» Data supplied
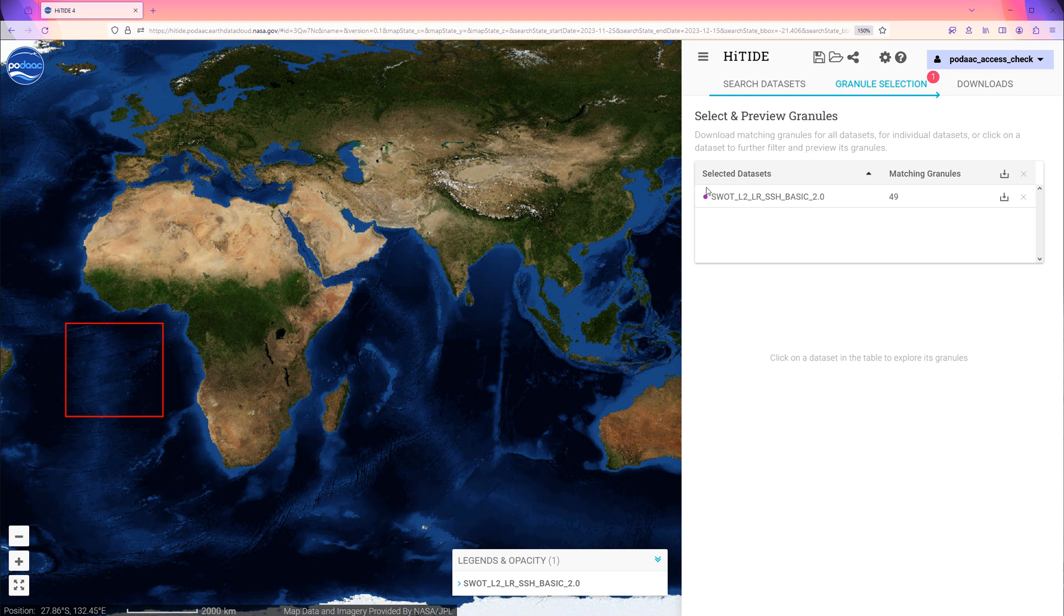Looking at the top, we see we have moved to the next stage of granule selection. There are 49 granules that match our initial selection of date range and region.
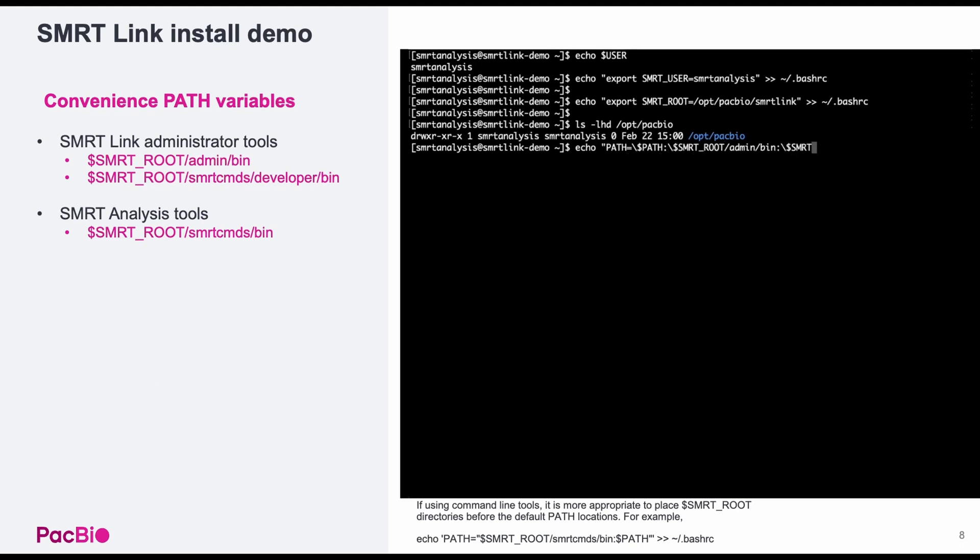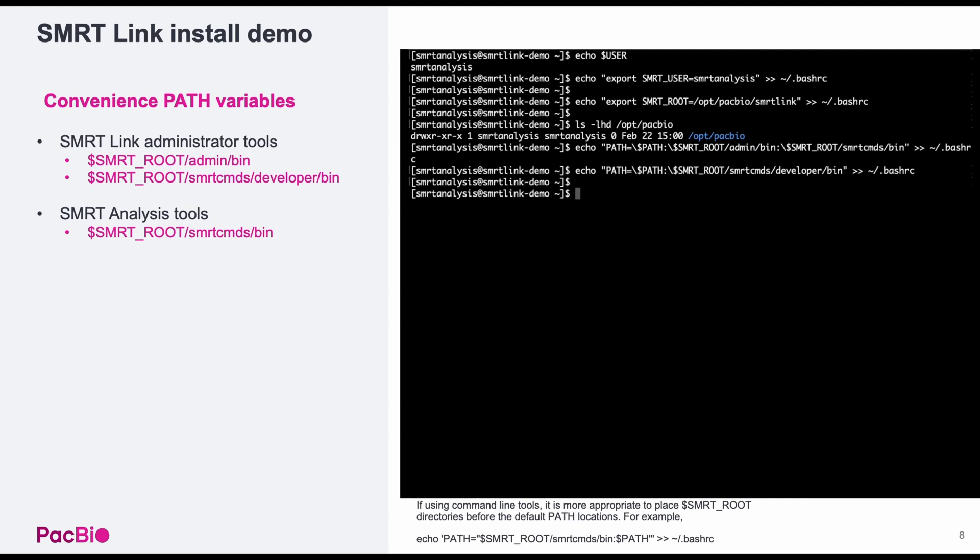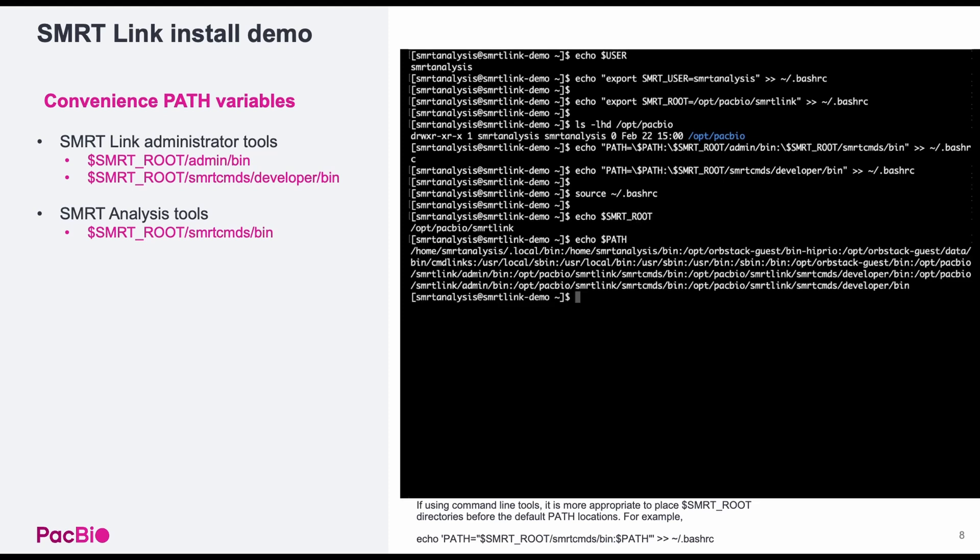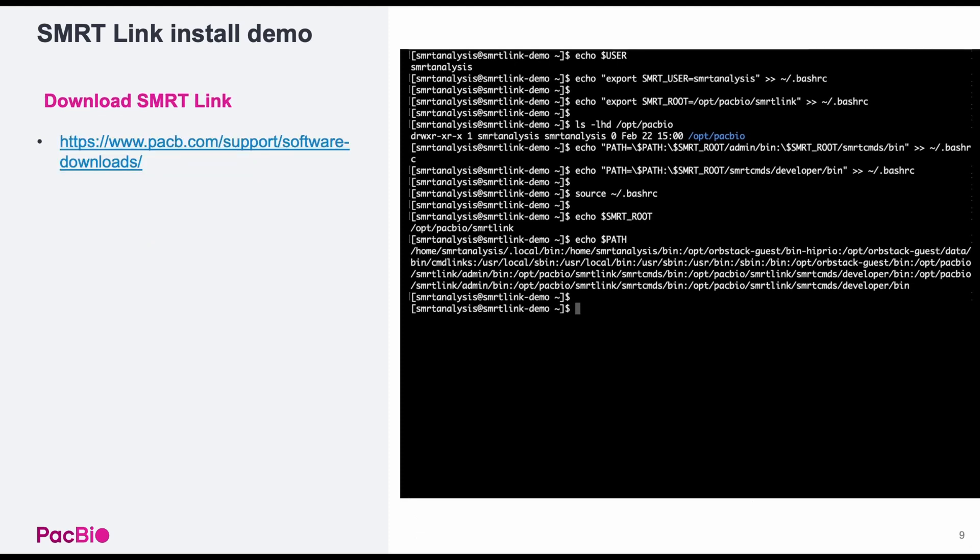There are a few additional directories that will be useful to you post-installation. So for later convenience, let's go ahead and add those now. These include locations to the SmartLink admin and other pack-bio tools. We've added all these variables to our bash-rc, so let's source the file so that they become available to us. And then we can echo smartroot and our path to confirm these changes.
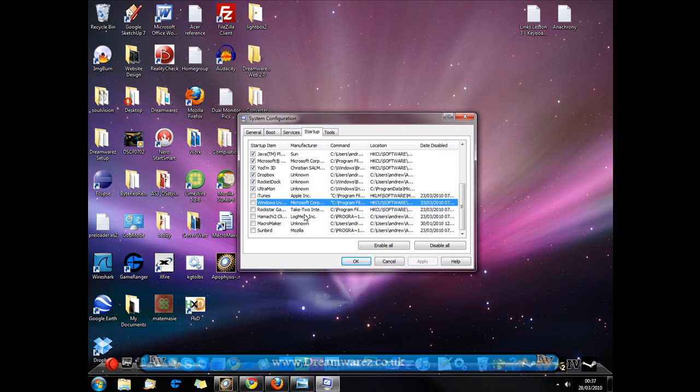And by disabling and unticking some of these boxes we can actually increase the speed of your computer on startup. If at the moment your computer is very slow when you first boot up, it could be shut down to the fact that you have a lot of applications launching that you really don't need.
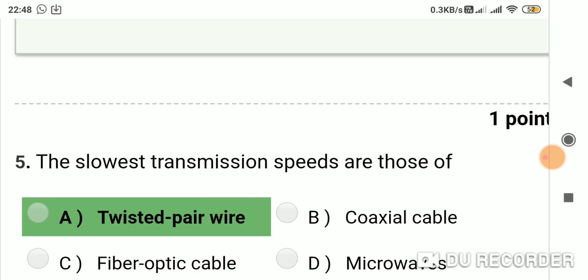Question 4: The slowest transmission speeds are those of? Option A: twisted pair wire. Option B: coaxial cable. Option C: fiber optic cable. Option D: microwaves. Answer is A, twisted pair wire.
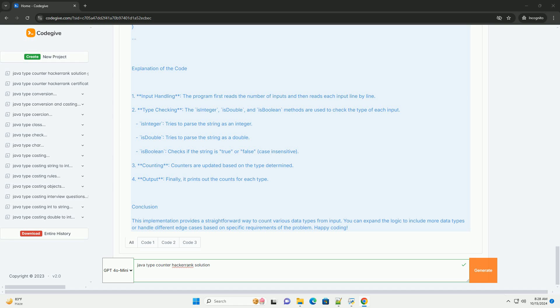Conclusion. This implementation provides a straightforward way to count various data types from input. You can expand the logic to include more data types or handle different edge cases based on specific requirements of the problem. Happy coding!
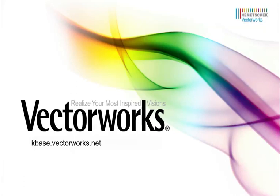Thank you for joining us and don't forget to visit kbase.vectorworks.net for more video tech tips and other technical info. Thank you and have a great day!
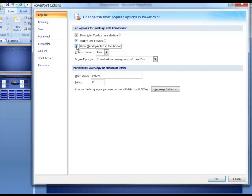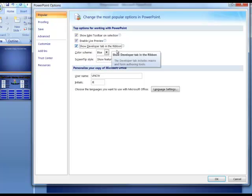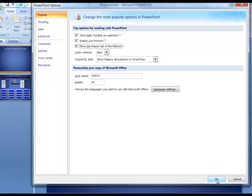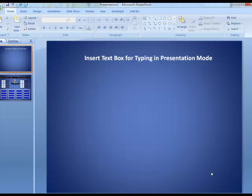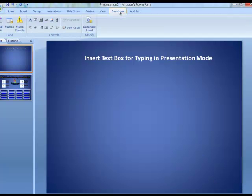I'm going to put a check in that box, show developer tab in the ribbon. Then I'm going to click OK. This will now give me the developer tab up here that I can click on when I'm in PowerPoint.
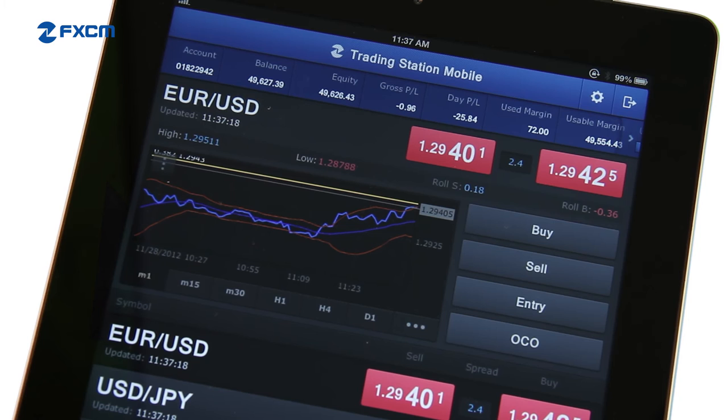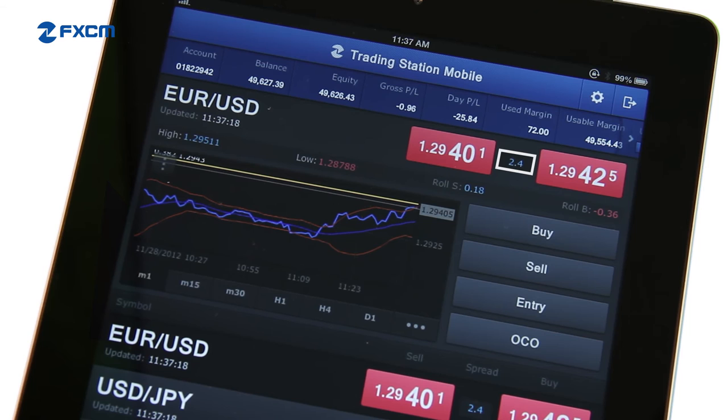The spread, which is the difference between the buy price and the sell price, is listed here. This number is important because it is a component of your transaction cost, along with the instrument you are trading and your trade size.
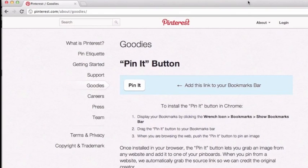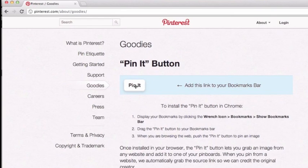Hi, this is Ali Rittenhouse and in this video tutorial I am going to show you how to add a Pin It button to your Google Chrome internet browser. We are on Pinterest.com/about/goodies and you can see that it has an image of a Pin It button right here, and all we're going to do is drag this up to our bookmark toolbar, but it's not showing right now.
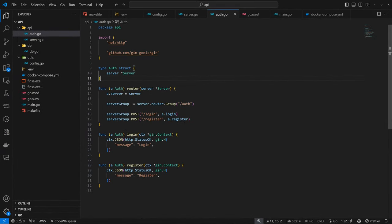Welcome back to the channel. We are going to continue from where we left off in the old Finsa series. In the last episode, we set up a structure for login and register, and we did set up the auth routes in general. Today we want to continue with the login and register functions — we want to actually have something to work with.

» Task instructions
Give back exactly, and solely, the section of the data above bounded by the line containing "Question 4: The" and the line containing "Thank you for", both bounding lines included and pictures omitted.

» Result of this task
Question 4: The slowest transmission speeds are those of? Option A: twisted pair wire. Option B: coaxial cable. Option C: fiber optic cable. Option D: microwaves. Answer is A, twisted pair wire.
Conclusion. This implementation provides a straightforward way to count various data types from input. You can expand the logic to include more data types or handle different edge cases based on specific requirements of the problem. Happy coding!
Thank you for joining us and don't forget to visit kbase.vectorworks.net for more video tech tips and other technical info. Thank you and have a great day!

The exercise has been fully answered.